Green groups criticise Kimberley marine parks
FOUR NEW MARINE PARKS, a new national park and a 200 km conservation corridor have been declared in the Kimberley, in a move described by the Western Australian Government as one of the most significant environmental initiatives in the State’s history.
“This is an extraordinary amount of new conservation and national parks, more than trebling the size of marine parks in Western Australia,” says Premier Colin Barnett. The Kimberley will have Australia’s second largest marine park in coastal waters behind the Great Barrier Reef Coast Marine Park, he says.
But environmental groups say the new marine parks – covering Eighty Mile Beach, Roebuck Bay, the north Kimberley coast and a whale-birthing haven at Camden Sound – are a farce, as they would still vulnerable to industry and the Kimberley coast not protected from petroleum exploration or commercial fishing.

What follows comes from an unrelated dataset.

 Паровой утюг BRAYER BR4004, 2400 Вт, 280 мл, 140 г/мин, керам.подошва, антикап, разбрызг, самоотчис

The marine parks, which will cover 26,000 sq. km of ocean, are part of a Government science strategy to offset the emergence of oil and gas activity with conservation of Kimberley wilderness. The region’s first gas processing facility, a $30 billion Woodside LNG plant, is being mooted for a pristine coastal site near Broome.
98 per cent open to mining
Premier Barnett says the strategy is aimed at “protecting the natural character of the Kimberley wilderness for future generations.”

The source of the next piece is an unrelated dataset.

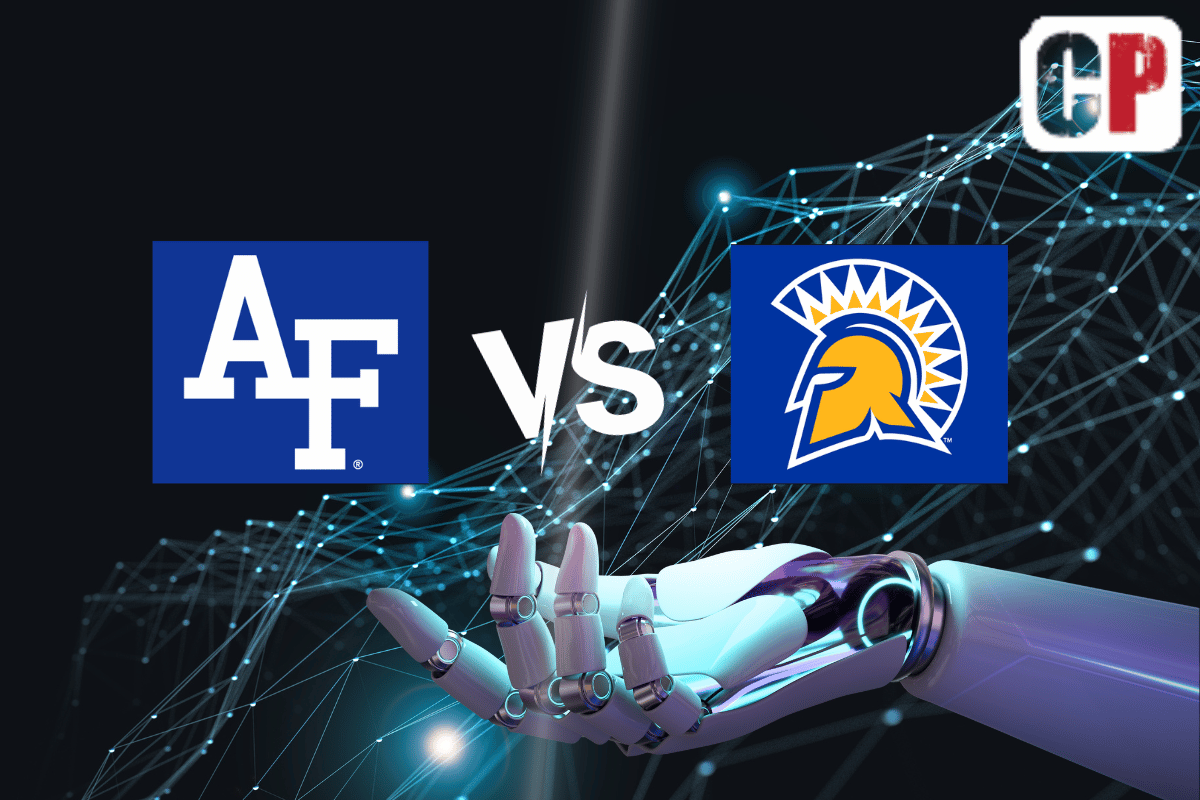 Air Force Falcons at San Jose State Spartans AI NCAA Football Prediction 9/22/2023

“Together, the four new marine parks will protect the largest Humpback whale calving area in the southern hemisphere, some of the nation’s largest mangrove communities, significant turtle nesting areas, extensive coral reefs, sponge gardens and the area’s outstanding scenic values.”
But conservation groups say only two sanctuary zones have been created within the marine parks, offering little real protection. “From what has been proposed, 98 percent of the Kimberley marine environment would be open to mining, oil and gas, fishing and other activities,” says Paul Gamblin, WWF-Australia’s WA director.

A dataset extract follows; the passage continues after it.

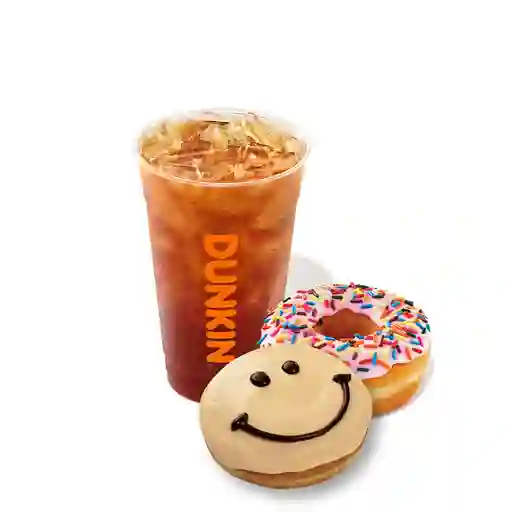 Iced Tea M + 2 Donuts.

The WA Conservation Council’s director Piers Verstegen says only 13 percent of Camden Sound, where Humpback whales migrate to each year to give birth, will be fully protected from commercial activity. “This is like creating a national park on land where 90 per cent of its area is left open slather to the logging industry.”
But the State Government’s land-based parks have been welcomed by WWF. “It’s the government thinking at scale, and perhaps testing the water to see if there is strong community support for Kimberley conservation,” says Paul. “We clearly think there is.”
200-km conservation corridor
Land-based initiatives include the new Prince Regent National Park, a 634,000 ha biodiversity hotspot in the rugged northwest where half the Kimberley’s plant species are found.
It is home to significant animals like northern quolls, endangered golden-backed tree rats (Mesembriomys macrurus), scaly-tailed possums (Wyulda squamicaudata), a rare and elusive rough-scaled python (Morelia carinata) and the world’s smallest rock-wallaby, called the monjon (Petrogale burbidgei).
Work will also begin on creating a 200-kilometre long conservation corridor to connect Prince Regent National Park with another remote haven for rare species, Drysdale River National Park, which is accessible only to bushwalkers.
The Government’s Kimberley conservation package includes a $2.7 million investment in nature-based tourism for travellers along the popular Gibb River Road, with better visitor facilities planned for Geikie Gorge, Tunnel Creek and Windjana Gorge national parks.